For the protection of digital interfaces that leave the device housing (e.g. USB), additional separate ICs are used that support this protection of the data processing chips. These protection diode ICs suppress the short-time voltages and are called Transient Voltage Suppressor or TVS diodes. Typical TVS ICs are NUP2301 or for USB NUP4201.

Further reading


After this lesson, you should:

  1. Know how to distinguish electron mobility in metals, semiconductors, and insulators,
  2. know what the intrinsic conductivity of a semiconductor is,
  3. distinguish between electron and hole conduction and relate them to P- and N-doping,
  4. know what doping is and what it is used for
  5. know the difference between real and ideal diode,
  6. be able to show the course in forward and reverse directions,
  7. be able to choose the correct diode from different diode types,
  8. be able to explain physical quantities such as reverse/residual current, reverse/residual voltage, and breakdown voltage.

Alternative to the explanation in the video

In metals, electrons are free to move. If an external voltage is applied, they follow the potential difference to the positive electrode: current flows. In insulators, on the other hand, the electrons are tightly bound to the atomic trunks. If a voltage is applied, they can at best be polarized. No current flows.

A semiconductor is a material whose conductivity lies between that of metals and that of insulators. The technologically most important example of a semiconductor is silicon.
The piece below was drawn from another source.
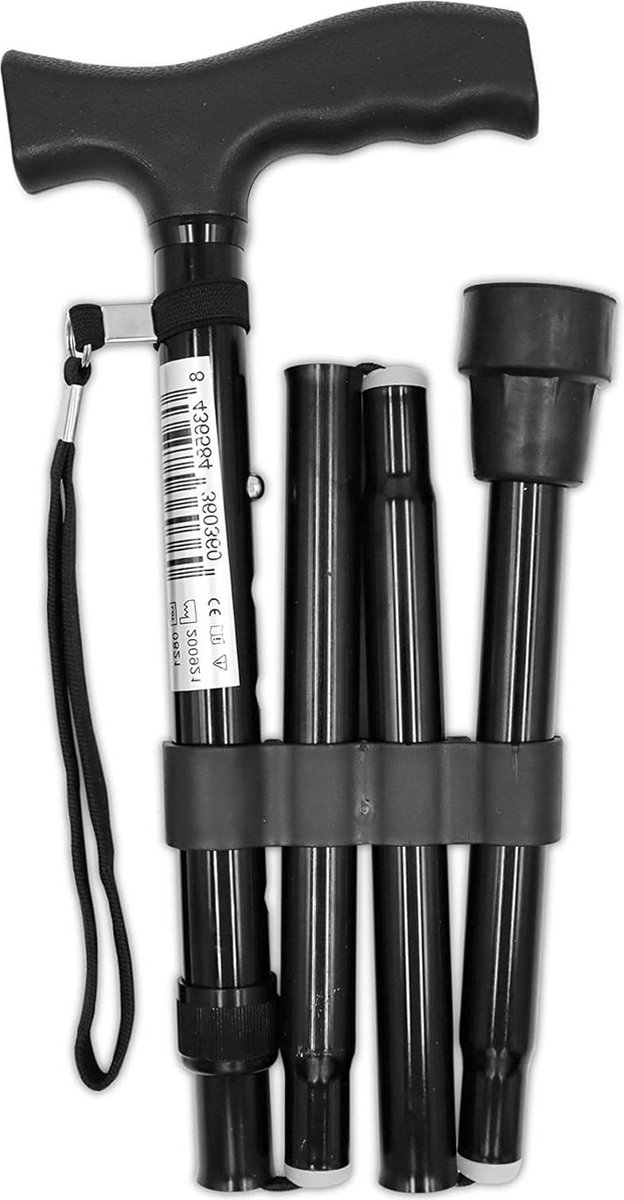 Wandelstok Opvouwbare Verstelbare Wandelstok voor Ouderen - Zwart Aluminium Wandelstok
In the silicon crystal, the electrons are not freely movable as in metal, because they are bound to the atomic trunks. But a small supply of energy (e.g. thermal energy) is sufficient to release the electrons from the atoms. Then, when a voltage is applied, an electric current flows. This is called the intrinsic conduction (intrinsic conduction) of the semiconductor. When the electrons move around in the semiconductor, this is called electron conduction.

A hole with a positive electrical charge is created at the silicon atom from which the electron was removed. This is also called a defect electron. These holes can also move through the crystal lattice and thus generate an electric current. This is called hole conduction. Hole conduction can be thought of as a hole being filled by an electron from the neighboring atom. However, this creates a hole in the neighboring atom. Effectively, such a hole has migrated from one atom to another, carrying with it a positive electric charge.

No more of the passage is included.